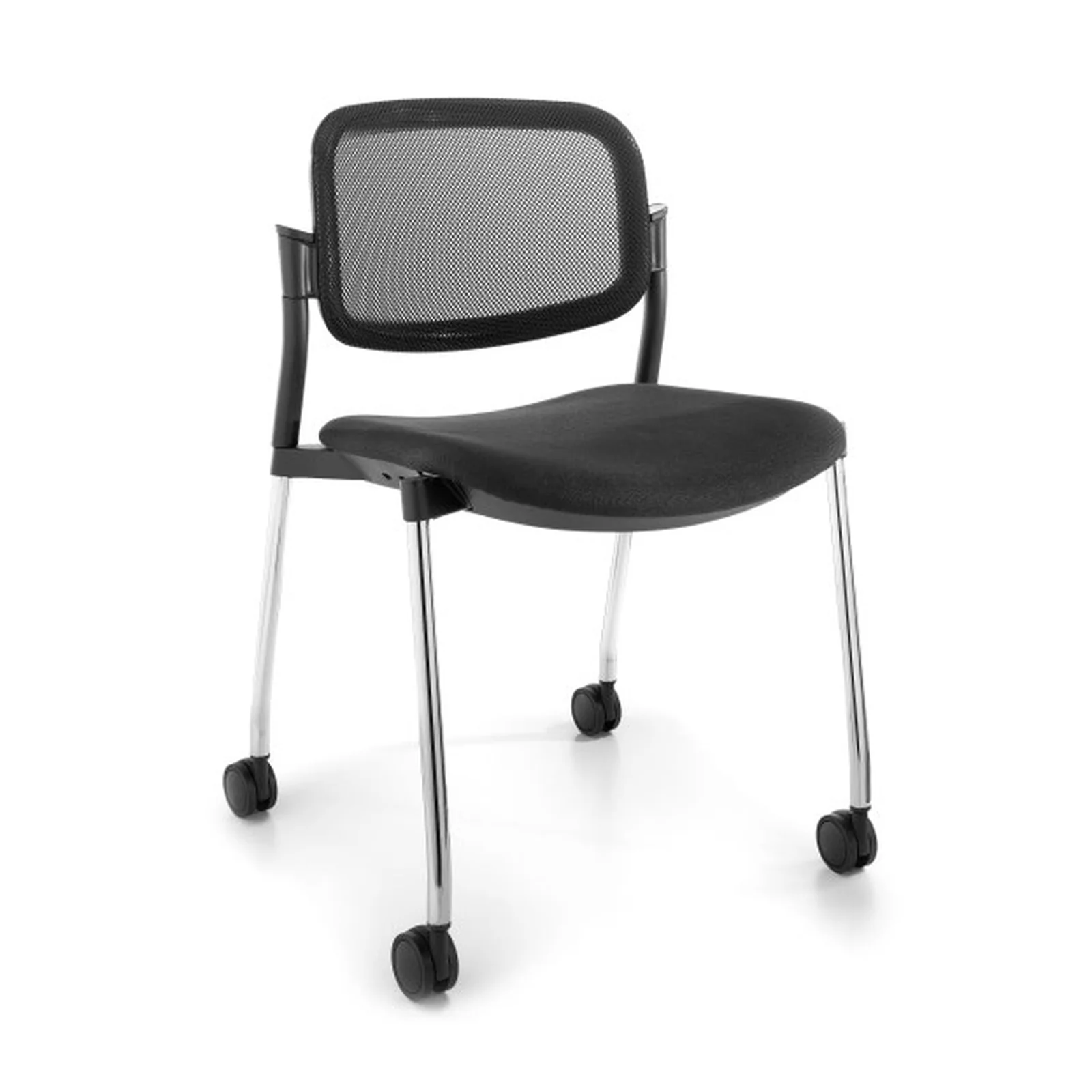 LUNERA CR RUEDAS, silla con respaldo de malla negra, vista frontal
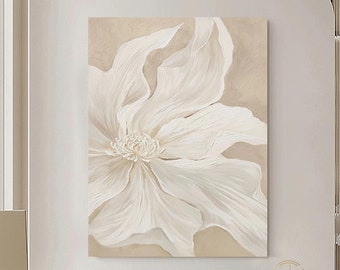 Original White Flower Oil Painting on Canvas: Large Abstract Floral Art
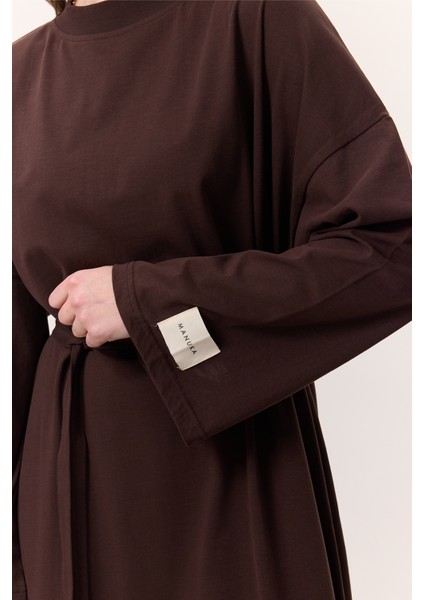 Oversıze Uzun Rahat Elbise Acı Kahve modelleri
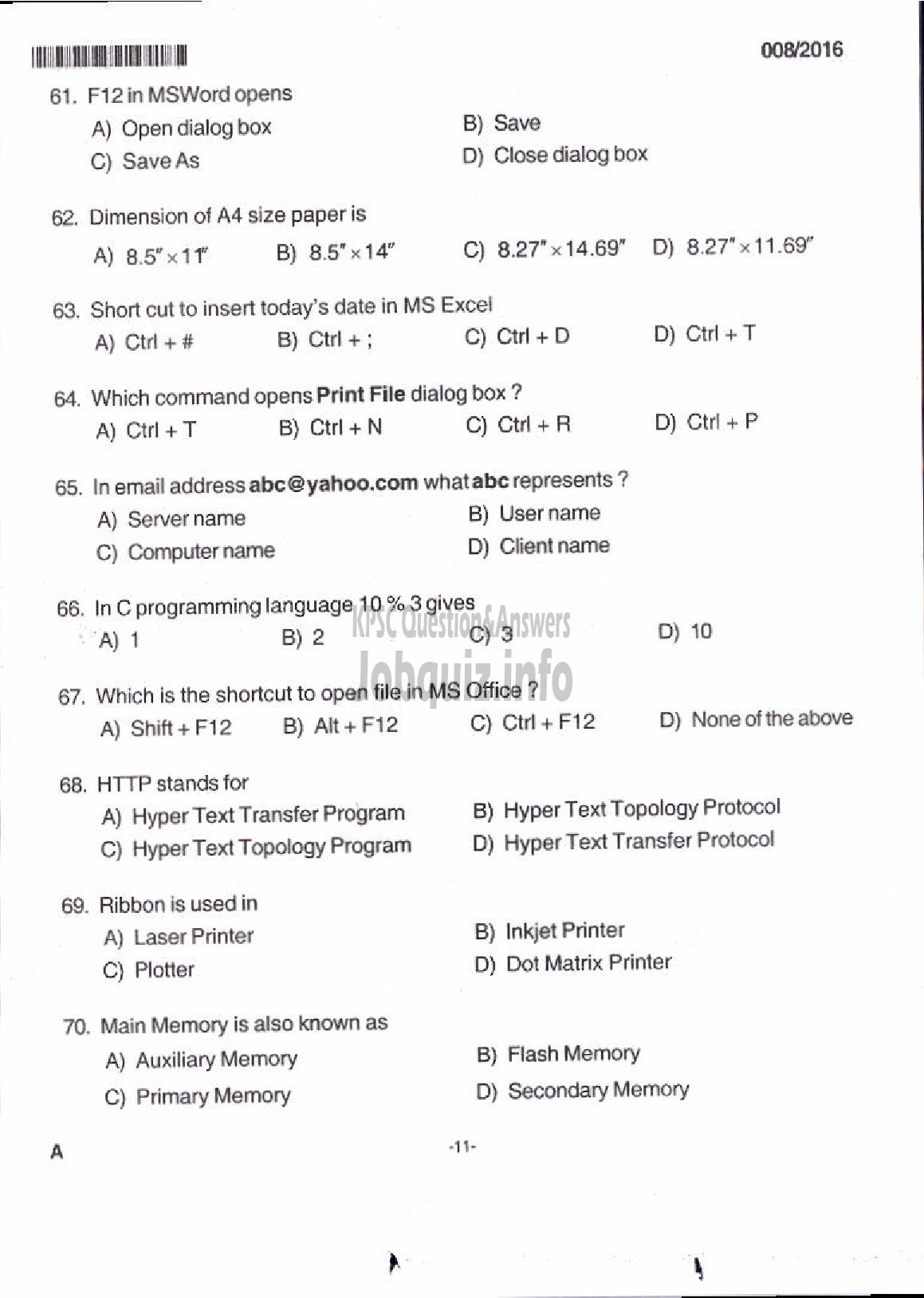 Kerala PSC Question Paper - JUNIOR ASSISTANT PLANTATION CORPORATION KERALA LTD-9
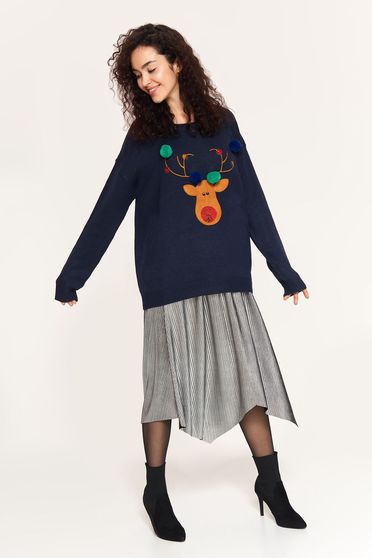 Pulover Top Secret albastru-inchis casual cu croi larg din material tricotat cu ciucuri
□ □ □ □ □
What to work on: Transcribe the listing in full. Leave the pictures out.

Exercise output:
 LUNERA CR RUEDAS, silla con respaldo de malla negra, vista frontal
 Original White Flower Oil Painting on Canvas: Large Abstract Floral Art
 Oversıze Uzun Rahat Elbise Acı Kahve modelleri
 Kerala PSC Question Paper - JUNIOR ASSISTANT PLANTATION CORPORATION KERALA LTD-9
 Pulover Top Secret albastru-inchis casual cu croi larg din material tricotat cu ciucuri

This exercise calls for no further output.